Step 3. Check to make sure the correct report(s) are generated in PACS. If there are errors, email Joe and Wayne.

  • NQ_MSGenerates 1 report: Multistructure Atrophy
  • NQ_EPILEPSY. Generates 3 reports: Age-Related Atrophy, Multistructure Atrophy, and Triage Brain Atrophy 
  • NQ_DEMENTIA. Generates 3 reports: Hippocampal Asymmetry, Multistructure Atrophy, and Triage Brain Atrophy
Plane Weighting Mode Slice (mm) Gap (mm) FAT SAT FOV MPR Notes
SAG T1 3D TFE 1.2 (160-170 slices) 0 no 24-25.6 no Send to NQ_MS. See specific NeuroQuant 3D T1 scan parameters above.
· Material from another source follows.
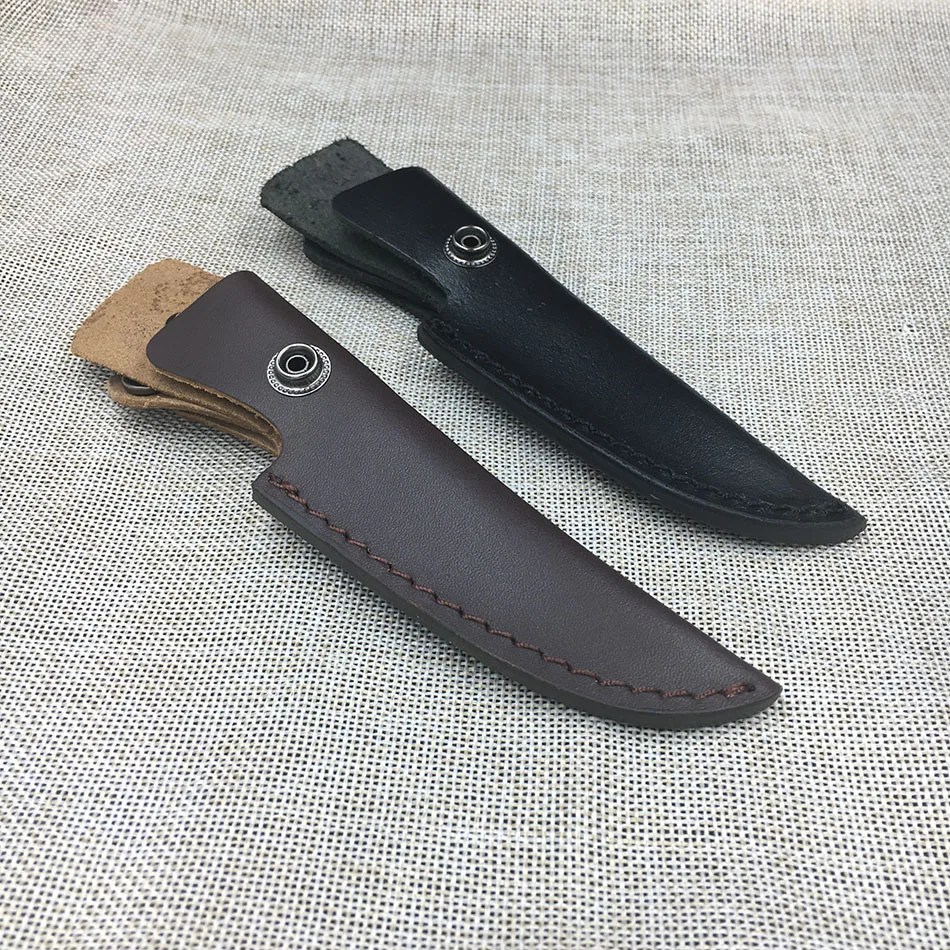 1 шт. фиксированные ножны для ножа прямой нож кожаная сумка-футляр чехол с ремнем |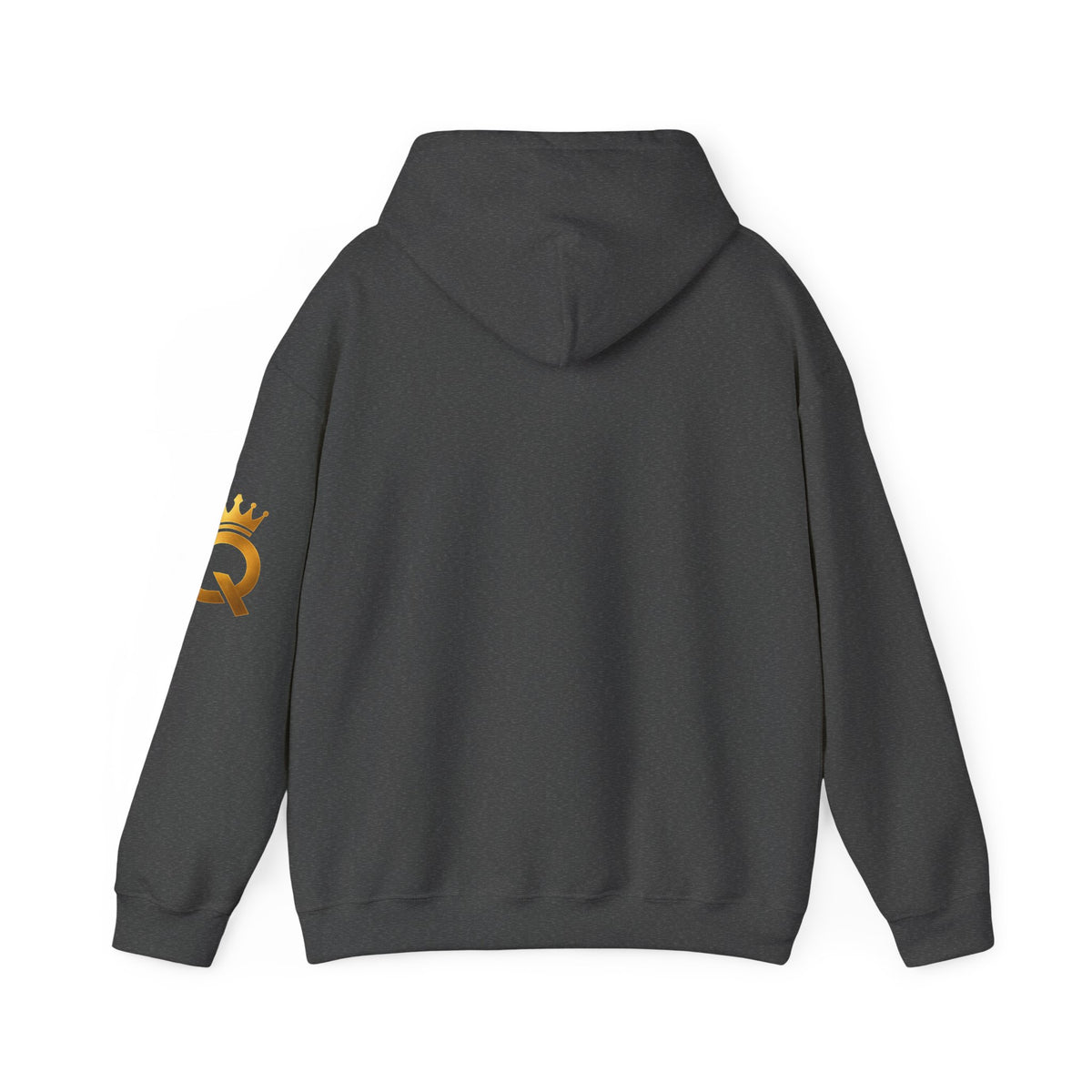 Game Changer Hoodie — Bold Motivational Pullover with Sleeve Logo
AXIAL T2 2D TSE 4 1 no 23 no Angle to Corpus. Cover at least 1cm above vertex through skull base. Cover entire nose.
AXIAL DWI EPI 3 0.3 YES 23 no Angle to Corpus. Cover Skull Base to Vertex. Send only B1000 & ADC.
AXIAL SWI 3D GRE 2 -1 no 23 no Angle to Corpus. Cover skull base to vertex. Ok to add slices.
Contrast Injection
SAG T2 FLAIR 3D IR-TSE 1 0 YES 23 AXIAL, COR Angle to interhemispheric fissure. Cover ears and nose. Spacing and gap are variable.
SAG T1 3D TSE 1 0 YES 23 AXIAL, COR Angle to interhemispheric fissure. Cover at least 1cm above vertex through skull base. Cover entire nose.